The Miller presidency’s goal is to make fair elections in 2026 and 2028 impossible

Here’s a gift link to Thomas Edsall’s latest piece, which as usual is a collection of comments from various academic observers of current political events, interspersed with his commentary. Rather than quote from it — there are too many insights to quote and you should just read it — I’ll summarize what Edsall and his correspondents see as the state of play:
(1) The Trump administration is desperately eager to provoke some sort of serious violent confrontation in a large American city, preferably in a blue state of course.
(2) Sending troops to occupy cities under false pretenses of urban (if you know what I mean) disorder is a strategy designed to create violence rather than prevent it.

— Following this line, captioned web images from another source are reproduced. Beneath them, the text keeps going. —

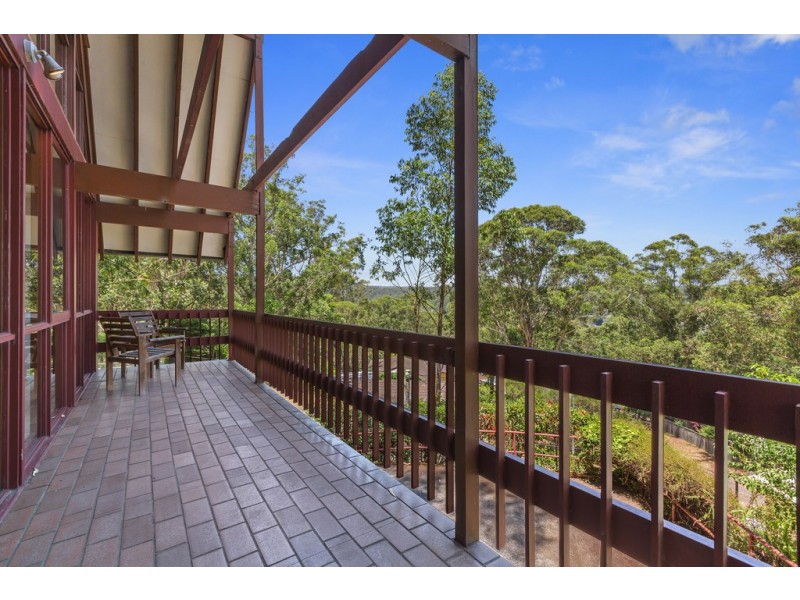 5 Gregory Street, Wyoming NSW 2250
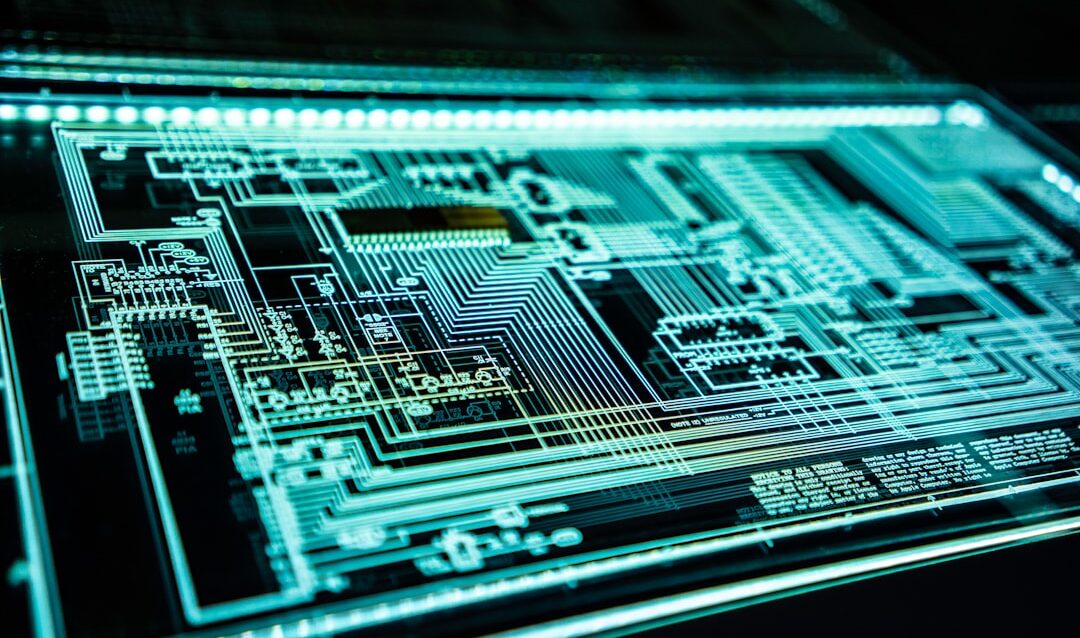 featured-d0e0dc1e48 teal LED panel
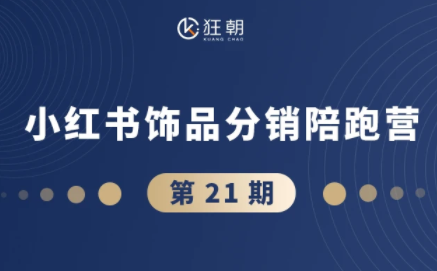 盗坤·抖音小红书视频号短视频带货与直播变现(11-21期)-得优社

(3) The murder of Charlie Kirk has accelerated plans that were clearly already in place to produce such violent confrontations, which would then be used as pretexts for mass authoritarian repression.
(4) A key element of all this is to use military and paramilitary force to intimidate anti-MAGA voters from going to the polls, and/or to declare some sort of state of emergency that suspends normal politics.
(5) The administration’s claims for deploying state violence against American cities are so obviously pretextual that there’s some hope that courts may continue to interfere with the unfolding of this plan in a meaningful way. That is why the administration is looking to invoking the insurrection act so as to bypass the courts altogether.
A couple of Edsall’s correspondents note that the speed and coordination of the administration’s response after Kirk’s murder indicate the extent to which this was all very much in place well before that extremely convenient event.
We are dangling from a precipice at the moment, on the brink of tumbling into an authoritarian void, although the public as a whole remains almost completely oblivious to any of this.